#### ABOUT THIS TASK:
Reproduce the material below only from the line with "角形轴承箱【轴承座】加工工艺及钻6-φ13孔夹具设计【含UG三维】俯视缩略图" to the line with "Up Baby - Blusão", both included, keeping each line exact and dropping the pictures.

#### SUPPLIED RECORDS:
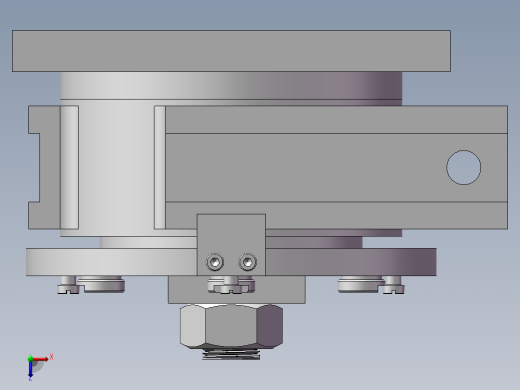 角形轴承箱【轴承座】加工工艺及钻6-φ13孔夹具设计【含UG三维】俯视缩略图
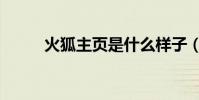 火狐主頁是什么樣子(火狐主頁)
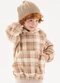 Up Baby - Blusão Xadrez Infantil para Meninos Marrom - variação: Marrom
==
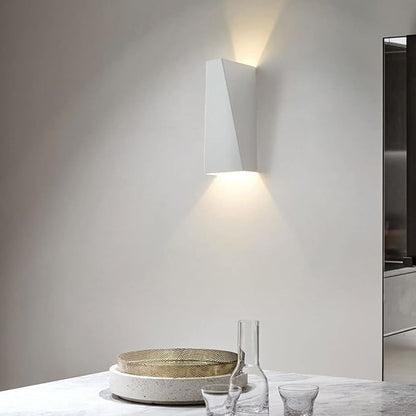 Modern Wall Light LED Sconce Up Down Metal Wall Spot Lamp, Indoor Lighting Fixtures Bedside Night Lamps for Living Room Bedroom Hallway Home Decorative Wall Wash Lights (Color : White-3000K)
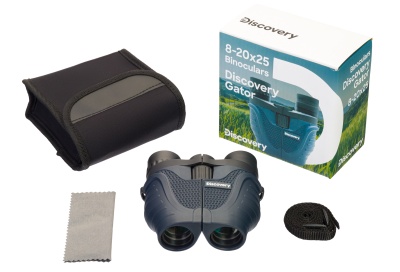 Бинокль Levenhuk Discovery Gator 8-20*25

#### OUTPUT BELOW:
 角形轴承箱【轴承座】加工工艺及钻6-φ13孔夹具设计【含UG三维】俯视缩略图
 火狐主頁是什么樣子(火狐主頁)
 Up Baby - Blusão Xadrez Infantil para Meninos Marrom - variação: Marrom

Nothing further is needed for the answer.